Début de juin 1939, toute la ville de Sherbrooke est en effervescence. La «Reine des Cantons-de-l’Est» s’apprête à accueillir des invités de marque: le roi George VI et son épouse Elizabeth, les grands-parents de l’actuel roi Charles III. Après avoir passé quatre jours aux États-Unis, le couple royal fait une petite tournée au Canada, et Sherbrooke est sur la liste des villes visitées. C'est d’ailleurs la toute première fois qu’un monarque régnant met officiellement les pieds au Canada!

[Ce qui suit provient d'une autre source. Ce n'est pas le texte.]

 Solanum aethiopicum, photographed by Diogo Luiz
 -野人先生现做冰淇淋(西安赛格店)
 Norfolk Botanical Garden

Pour marquer l’occasion, le centre-ville se pare de ses plus beaux atours. Drapeaux français et Union Jack flottent au vent, donnant à Sherbrooke des airs de fête. Comme partout ailleurs dans le pays, les festivités battent leur plein. Le maire, Marcus T. Armitage, et son épouse Margaret sont bien sûr aux premières loges pour accueillir le roi et la reine. On raconte que Mme Armitage a offert un magnifique bouquet de fleurs à la reine.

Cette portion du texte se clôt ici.